Une partie des revendications des grévistes, et notamment la démission des dirigeants communistes avec leur chef Miloš Jakeš, avaient déjà été accomplies le 25 novembre, mais pratiquement tous les comités de grève dans les entreprises se sont pourtant prononcés pour cette grève générale. On discutait néanmoins de la forme que cette protestation massive devait prendre pour ne pas nuire à l’économie, à la santé et à l’approvisionnement de la population. Cependant, selon Jiří Suk, de l’Institut de l’histoire contemporaine, le régime totalitaire n’avait pas encore rendu les armes :

Jiří Suk
«Depuis le matin, la police politique STB cherchait encore à renverser les tendances dans l’opinion et à discréditer les leaders du Forum civique et Václav Havel. Ces membres lançaient des voitures des tracs diffamatoires cousus de mensonges. Il est évident que la police secrète travaillait encore intensivement et que ses objectifs n’avaient pas changé. Elle s’apprêtait toujours à discréditer le mouvement civique.»

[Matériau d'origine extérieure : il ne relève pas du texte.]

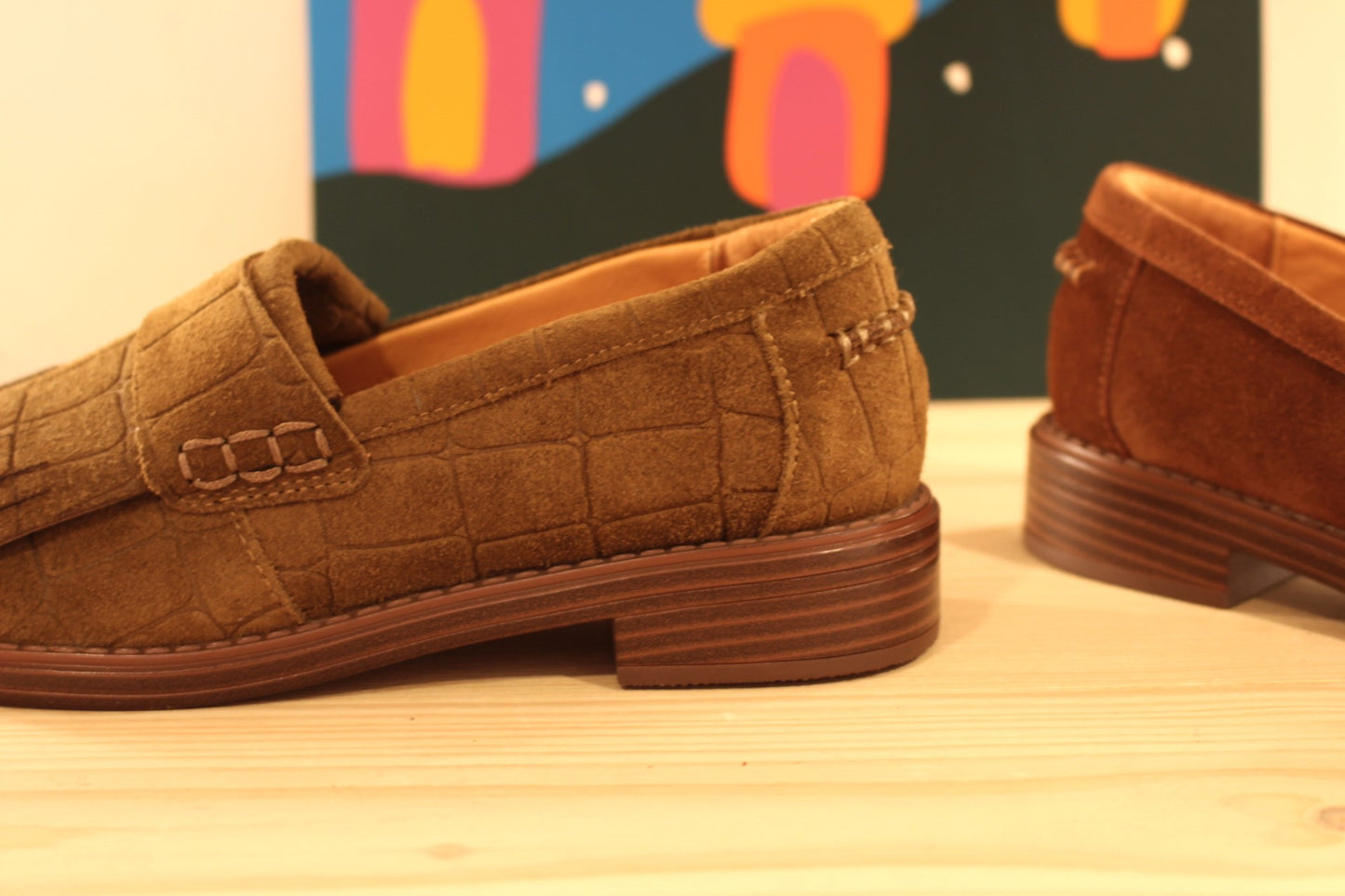 Mocassins Mamzelle en cuir velours de couleur vison (kaki) imprimé croco ou de couleur chocolat. Retour de cuir sur patte frangée ton sur ton sur le coup de pied.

Pourtant, de midi à 14 heures le 27 novembre, la grève a été largement suivie. Le Forum civique, mouvement spontané qui réunissait tous les éléments de la société désirant le changement, a appelé les gens à apporter le plus grand nombre possible de drapeaux tchécoslovaques et ces drapeaux flottant au-dessus des grévistes donnaient un caractère quasi officiel aux foules qui avaient envahi les rues. Jiří Suk évoque les aspects principaux de ce large mouvement populaire:

«Selon un sondage d’opinion de cette époque, la moitié des citoyens de Tchécoslovaquie et la majorité des usines étaient entrées en grève. Evidemment, nous n’aurons jamais le chiffre exact mais les photos et les documents filmés de ses événements démontrent que la grève a été vraiment massive et que des habitants de toutes les villes d’une certaine importance et même dans beaucoup de petites villes y ont participé. C’était un triomphe incontestable qui a confirmé l’orientation adoptée et réalisée par le Forum civique.»

1989
Rien que sur la place Venceslas, dans le centre de Prague, quelque 250 000 personnes s’étaient rassemblées. Des manifestations et des meetings ont été organisés dans tout le pays. Les prétendus dommages économiques, avec lesquels les milieux officiels avaient cherché à décourager les grévistes, ont été finalement négligeables. D’après Jiří Suk, la grève attirait également l’attention des habitants sur deux grands thèmes politiques :

«La grève a été aussi un tournant parce que le Forum civique a lancé deux slogans principaux qui planaient sur les foules – les élections libres et la fin du gouvernement d’un seul parti. Cela signifiait que ce plébiscite spontané a définitivement déchu le Parti communiste du droit de gouverner la société tchécoslovaque.»

Dès le 27 novembre 1989, il n’était plus possible de prétendre que les événements de cette période n’étaient que l’action des étudiants et des intellectuels isolés de la classe ouvrière. Désormais il était évident que le changement était souhaité par presque toute la population.